Print each record exactly as it appears, but drop the images.
···
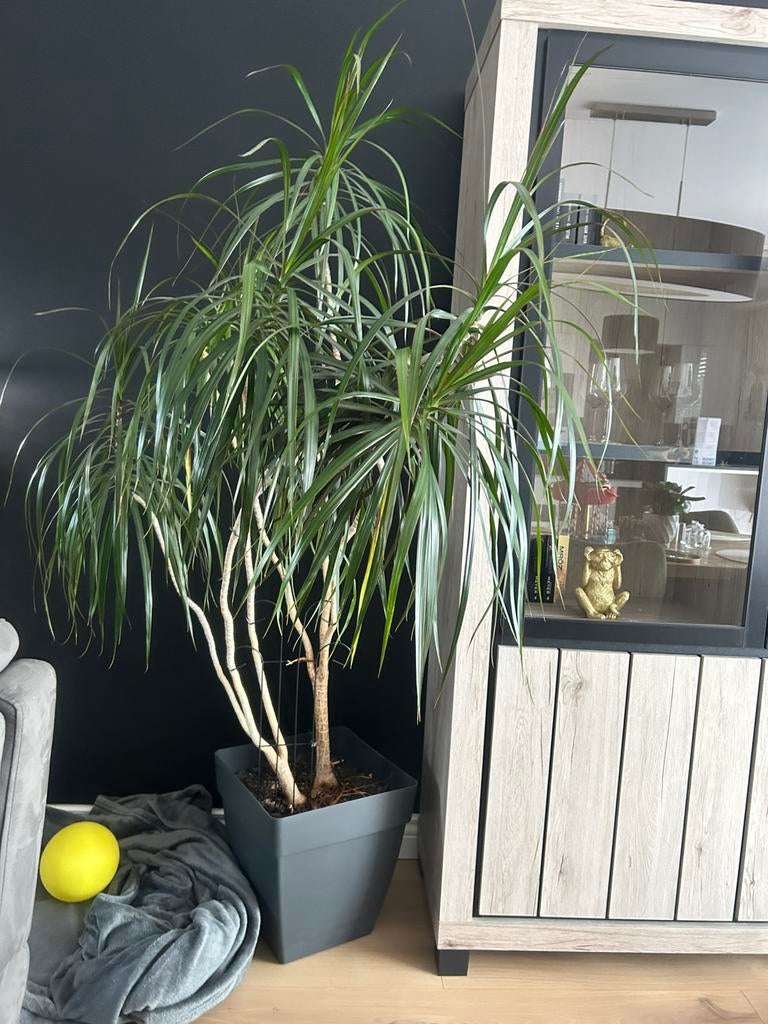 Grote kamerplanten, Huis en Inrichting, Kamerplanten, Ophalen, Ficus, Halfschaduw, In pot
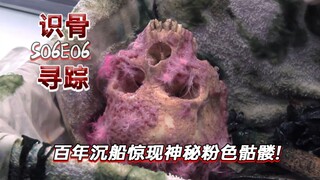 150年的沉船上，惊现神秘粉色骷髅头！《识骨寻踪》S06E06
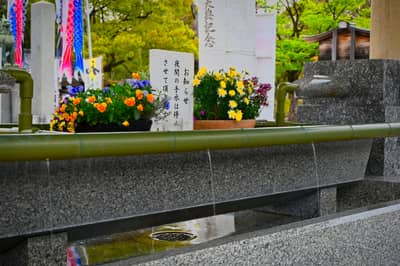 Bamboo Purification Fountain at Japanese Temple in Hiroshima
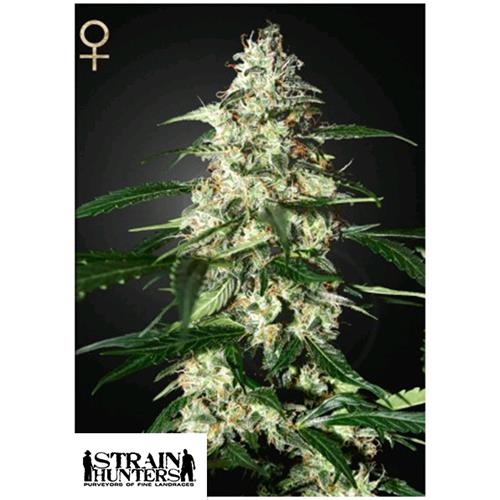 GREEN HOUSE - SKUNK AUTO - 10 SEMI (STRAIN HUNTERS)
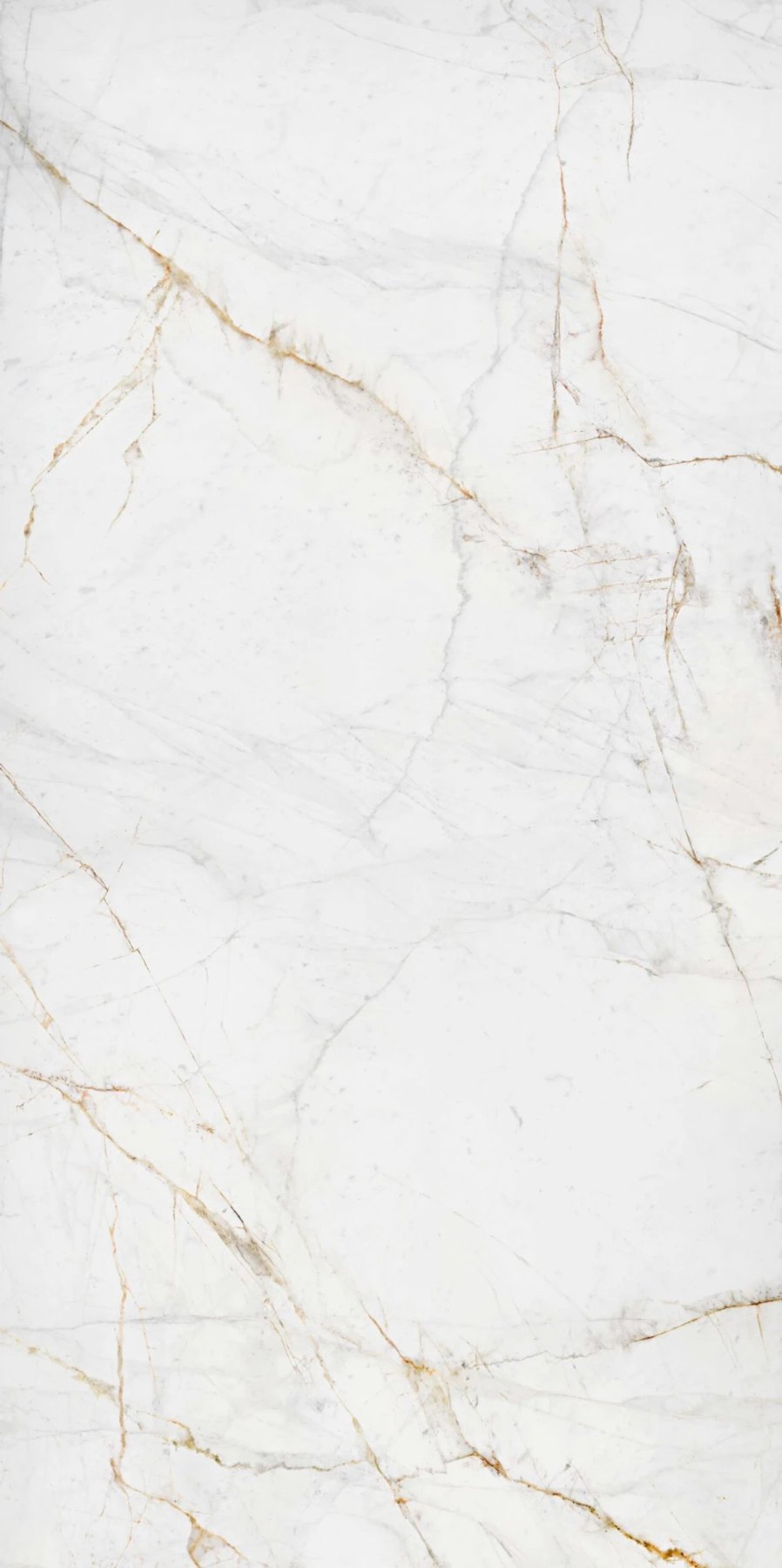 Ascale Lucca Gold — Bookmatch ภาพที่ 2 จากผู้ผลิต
···
Response:
 Grote kamerplanten, Huis en Inrichting, Kamerplanten, Ophalen, Ficus, Halfschaduw, In pot
 150年的沉船上，惊现神秘粉色骷髅头！《识骨寻踪》S06E06
 Bamboo Purification Fountain at Japanese Temple in Hiroshima
 GREEN HOUSE - SKUNK AUTO - 10 SEMI (STRAIN HUNTERS)
 Ascale Lucca Gold — Bookmatch ภาพที่ 2 จากผู้ผลิต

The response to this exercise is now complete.